Cybersecurity Monthly Report (March 2025)

< Overall Threat Trend>

Ex ante joint defense and monitoring

A total of 75,246 pieces of government agency cybersecurity joint defense intelligence were collected this month (an increase of 10,715 from the previous month). Analyzing the types of identifiable threats, the top one was intrusion attacks (37%), most involving unauthorized access to systems or acquisition of system/user privileges; followed by information collection (33%), mainly obtaining information through attacks such as scanning, detection, and social engineering; and intrusion attempts (14%), most dominated by attempts to intrude into unauthorized hosts. The distribution of intelligence volume in the past year is as shown in Figure 1.

After further compilation and analysis of joint defense information, it was discovered that hackers had recently been impersonating corporate legal departments and falsely claiming copyright infringement to trick email recipients into clicking phishing links in emails and filling out complaint forms, aiming to steal sensitive information. Relevant intelligence has provided government agencies with recommendations on joint defense and monitoring.

Figure 1   Statistics of cybersecurity monitoring intelligence in joint defense

In-process reporting and responding

The number of cybersecurity incident reports totaled 82 this month (an increase of 22 from the previous month), a 1.20% decrease compared to the same period last year. This month, some agencies were under the attack of blocking services, resulting in slowdown or interruption of website services, accounting for 30.49% of the reported incidents this month. The statistics for cybersecurity incident reports over the past year are as shown in Figure 2.
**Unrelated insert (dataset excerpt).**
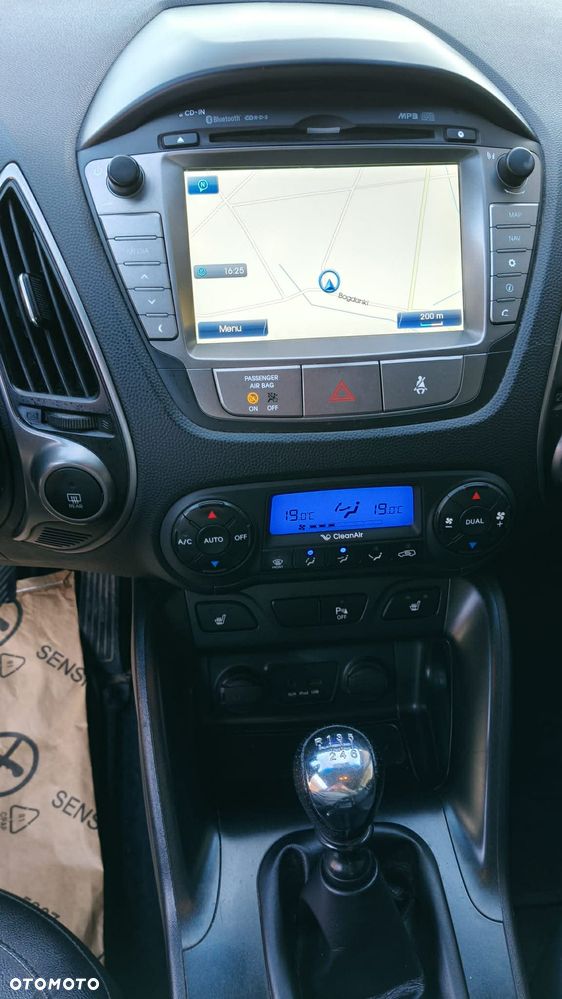 Hyundai ix35 1.7 CRDi 2WD blue Comfort - 19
Figure 2   Number of cybersecurity incident reports

Post information sharing

This month, multiple agencies were found to have made outbound connections of malicious software characteristics. After investigation, it was found that users, while searching for the Line app through search engines, were misled by fake websites using '.com' domains with 'line' in the name. These deceptive sites appeared to be official download pages, leading users to unknowingly install Line installers bundled with backdoor malware. The affected agencies reinstalled the compromised computers and strengthened internal cyber security awareness to reduce related cyber security risks.

【Additional Reference】

Registering domain names that closely resemble well-known brands is a common tactic used in domain-based frauds. This includes using misspelled domain names, look-alike characters to create confusion, or fraudulent subdomains for fraud. These fake domains often use popular generic top-level domains (such as .com, .net, or .org) to appear more legitimate, aiming to steal personal data, financial information, or launch other forms of cyberattacks. Agencies are advised to not only strengthen endpoint protection, such as deploying Endpoint Detection and Response (EDR) solutions to identify abnormal behavior, but also to enhance cyber security awareness among users, reminding staff to download and install software only from official websites. In addition, depending on actual needs, agencies can also consider implementing application whitelisting to prohibit unauthorized software installations on government computers. Further, publishing and maintaining a list of approved software and official download links, as an institutional approach, can reduce user-related risks and improve overall cyber security protection.。